What the task requires: In the records below, find the line with "Home2Book Cozy Apt, Pool" and the line with "Meet your Posher, Erin". Print both exactly, along with every line between them, and no other line.

Start of Source data

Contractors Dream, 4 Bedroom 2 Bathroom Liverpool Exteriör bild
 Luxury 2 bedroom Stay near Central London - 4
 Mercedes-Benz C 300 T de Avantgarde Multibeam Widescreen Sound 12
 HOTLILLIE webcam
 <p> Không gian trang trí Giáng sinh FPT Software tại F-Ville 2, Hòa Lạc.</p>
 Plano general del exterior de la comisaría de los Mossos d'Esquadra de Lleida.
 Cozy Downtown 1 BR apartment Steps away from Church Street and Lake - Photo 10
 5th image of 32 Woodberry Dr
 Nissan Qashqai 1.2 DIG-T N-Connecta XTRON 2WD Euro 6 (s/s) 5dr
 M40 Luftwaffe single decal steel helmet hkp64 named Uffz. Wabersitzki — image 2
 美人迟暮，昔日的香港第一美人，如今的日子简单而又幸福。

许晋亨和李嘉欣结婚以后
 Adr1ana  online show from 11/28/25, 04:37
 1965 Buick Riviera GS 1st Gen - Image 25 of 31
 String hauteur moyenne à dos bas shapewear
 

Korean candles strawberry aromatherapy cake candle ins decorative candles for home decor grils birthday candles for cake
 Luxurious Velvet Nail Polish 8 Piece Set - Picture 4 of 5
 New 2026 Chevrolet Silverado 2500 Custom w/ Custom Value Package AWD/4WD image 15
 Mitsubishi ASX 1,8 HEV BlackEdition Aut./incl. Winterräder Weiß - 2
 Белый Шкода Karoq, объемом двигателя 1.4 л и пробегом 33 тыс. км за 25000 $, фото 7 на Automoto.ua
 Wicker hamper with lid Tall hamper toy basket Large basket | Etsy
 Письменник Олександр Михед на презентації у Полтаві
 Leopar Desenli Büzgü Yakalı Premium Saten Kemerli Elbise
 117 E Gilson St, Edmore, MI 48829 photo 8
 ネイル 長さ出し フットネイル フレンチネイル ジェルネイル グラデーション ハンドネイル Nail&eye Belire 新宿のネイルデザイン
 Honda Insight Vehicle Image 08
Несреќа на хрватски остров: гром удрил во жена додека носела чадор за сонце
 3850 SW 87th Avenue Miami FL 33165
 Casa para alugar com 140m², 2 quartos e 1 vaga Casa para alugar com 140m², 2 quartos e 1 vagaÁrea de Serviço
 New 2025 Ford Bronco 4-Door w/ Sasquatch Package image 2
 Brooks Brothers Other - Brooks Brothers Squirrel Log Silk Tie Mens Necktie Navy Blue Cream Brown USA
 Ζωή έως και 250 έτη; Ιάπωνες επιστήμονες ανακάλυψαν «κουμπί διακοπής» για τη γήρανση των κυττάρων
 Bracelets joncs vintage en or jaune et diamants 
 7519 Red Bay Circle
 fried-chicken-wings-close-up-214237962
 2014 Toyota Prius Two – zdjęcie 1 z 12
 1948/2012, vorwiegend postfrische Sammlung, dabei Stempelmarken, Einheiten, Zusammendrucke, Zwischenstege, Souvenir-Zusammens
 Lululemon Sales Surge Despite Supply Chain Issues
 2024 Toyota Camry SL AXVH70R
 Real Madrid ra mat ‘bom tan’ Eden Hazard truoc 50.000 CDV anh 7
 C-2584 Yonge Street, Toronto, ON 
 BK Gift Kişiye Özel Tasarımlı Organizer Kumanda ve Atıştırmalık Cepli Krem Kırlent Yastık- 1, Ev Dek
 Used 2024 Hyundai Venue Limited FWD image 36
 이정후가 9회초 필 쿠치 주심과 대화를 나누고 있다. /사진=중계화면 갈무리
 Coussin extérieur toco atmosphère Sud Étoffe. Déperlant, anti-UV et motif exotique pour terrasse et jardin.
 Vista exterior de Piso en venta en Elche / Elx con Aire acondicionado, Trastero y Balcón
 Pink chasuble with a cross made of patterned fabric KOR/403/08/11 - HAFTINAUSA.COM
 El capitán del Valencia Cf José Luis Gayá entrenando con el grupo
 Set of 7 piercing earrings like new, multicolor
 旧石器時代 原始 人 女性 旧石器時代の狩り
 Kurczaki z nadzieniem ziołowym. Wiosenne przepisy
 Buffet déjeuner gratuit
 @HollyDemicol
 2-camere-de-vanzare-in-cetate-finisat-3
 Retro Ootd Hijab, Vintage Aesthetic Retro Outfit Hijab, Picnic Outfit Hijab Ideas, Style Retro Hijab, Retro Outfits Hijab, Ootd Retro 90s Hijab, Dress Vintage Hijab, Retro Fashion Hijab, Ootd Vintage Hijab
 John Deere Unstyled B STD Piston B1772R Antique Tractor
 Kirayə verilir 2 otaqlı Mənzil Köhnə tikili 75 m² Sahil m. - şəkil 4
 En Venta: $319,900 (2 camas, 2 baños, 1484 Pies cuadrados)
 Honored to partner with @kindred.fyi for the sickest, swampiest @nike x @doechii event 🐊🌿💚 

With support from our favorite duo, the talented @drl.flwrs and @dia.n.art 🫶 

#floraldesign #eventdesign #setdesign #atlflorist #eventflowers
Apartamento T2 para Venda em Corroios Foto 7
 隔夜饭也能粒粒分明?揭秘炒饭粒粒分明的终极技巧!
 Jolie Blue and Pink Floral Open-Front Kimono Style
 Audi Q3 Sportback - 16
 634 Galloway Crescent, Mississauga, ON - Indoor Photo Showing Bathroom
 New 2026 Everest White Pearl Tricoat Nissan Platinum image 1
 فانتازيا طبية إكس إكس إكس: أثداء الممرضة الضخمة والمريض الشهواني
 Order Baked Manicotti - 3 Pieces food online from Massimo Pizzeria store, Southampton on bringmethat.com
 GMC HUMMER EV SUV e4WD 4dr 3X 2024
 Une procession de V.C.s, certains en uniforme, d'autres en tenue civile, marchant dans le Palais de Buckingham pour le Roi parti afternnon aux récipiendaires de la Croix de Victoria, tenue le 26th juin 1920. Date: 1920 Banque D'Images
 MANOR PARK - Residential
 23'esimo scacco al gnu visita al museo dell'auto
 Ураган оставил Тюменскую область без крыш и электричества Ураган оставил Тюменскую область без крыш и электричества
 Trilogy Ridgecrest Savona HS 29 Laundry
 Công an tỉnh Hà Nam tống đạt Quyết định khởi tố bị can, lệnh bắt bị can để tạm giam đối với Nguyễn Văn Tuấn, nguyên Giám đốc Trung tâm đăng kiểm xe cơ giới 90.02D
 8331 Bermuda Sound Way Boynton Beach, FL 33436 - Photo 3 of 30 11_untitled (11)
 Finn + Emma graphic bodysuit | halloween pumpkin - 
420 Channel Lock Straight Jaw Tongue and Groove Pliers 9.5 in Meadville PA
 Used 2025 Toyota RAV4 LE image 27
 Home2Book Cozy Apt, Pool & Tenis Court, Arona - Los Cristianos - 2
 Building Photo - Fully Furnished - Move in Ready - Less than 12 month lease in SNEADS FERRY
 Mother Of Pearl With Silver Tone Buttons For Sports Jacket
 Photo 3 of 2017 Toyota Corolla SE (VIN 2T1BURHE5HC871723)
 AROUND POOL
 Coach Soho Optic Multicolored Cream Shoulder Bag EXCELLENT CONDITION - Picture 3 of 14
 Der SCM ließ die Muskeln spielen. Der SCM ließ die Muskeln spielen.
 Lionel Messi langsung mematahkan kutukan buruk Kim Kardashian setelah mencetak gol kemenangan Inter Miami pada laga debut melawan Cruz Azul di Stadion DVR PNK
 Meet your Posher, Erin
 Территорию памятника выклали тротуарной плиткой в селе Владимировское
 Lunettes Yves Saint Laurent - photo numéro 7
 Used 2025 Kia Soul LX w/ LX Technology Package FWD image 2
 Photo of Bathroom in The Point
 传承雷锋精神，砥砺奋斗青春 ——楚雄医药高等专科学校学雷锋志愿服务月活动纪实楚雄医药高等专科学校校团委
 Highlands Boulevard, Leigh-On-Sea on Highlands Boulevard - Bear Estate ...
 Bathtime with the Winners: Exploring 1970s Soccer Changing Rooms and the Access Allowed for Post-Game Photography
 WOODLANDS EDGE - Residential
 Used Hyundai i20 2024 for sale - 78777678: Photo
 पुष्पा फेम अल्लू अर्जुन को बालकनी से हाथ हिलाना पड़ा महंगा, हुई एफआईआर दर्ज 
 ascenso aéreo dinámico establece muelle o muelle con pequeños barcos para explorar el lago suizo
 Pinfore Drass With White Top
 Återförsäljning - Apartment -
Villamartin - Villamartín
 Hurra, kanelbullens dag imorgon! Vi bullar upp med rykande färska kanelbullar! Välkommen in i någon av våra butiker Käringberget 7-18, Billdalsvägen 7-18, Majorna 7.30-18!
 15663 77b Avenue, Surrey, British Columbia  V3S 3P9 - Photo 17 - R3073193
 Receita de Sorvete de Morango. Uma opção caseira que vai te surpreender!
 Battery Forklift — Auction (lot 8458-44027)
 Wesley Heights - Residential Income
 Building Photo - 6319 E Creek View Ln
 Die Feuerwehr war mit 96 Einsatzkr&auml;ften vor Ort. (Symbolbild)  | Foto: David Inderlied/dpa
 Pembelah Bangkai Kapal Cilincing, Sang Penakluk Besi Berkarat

End of Source data

Exercise solution:
 Home2Book Cozy Apt, Pool & Tenis Court, Arona - Los Cristianos - 2
 Building Photo - Fully Furnished - Move in Ready - Less than 12 month lease in SNEADS FERRY
 Mother Of Pearl With Silver Tone Buttons For Sports Jacket
 Photo 3 of 2017 Toyota Corolla SE (VIN 2T1BURHE5HC871723)
 AROUND POOL
 Coach Soho Optic Multicolored Cream Shoulder Bag EXCELLENT CONDITION - Picture 3 of 14
 Der SCM ließ die Muskeln spielen. Der SCM ließ die Muskeln spielen.
 Lionel Messi langsung mematahkan kutukan buruk Kim Kardashian setelah mencetak gol kemenangan Inter Miami pada laga debut melawan Cruz Azul di Stadion DVR PNK
 Meet your Posher, Erin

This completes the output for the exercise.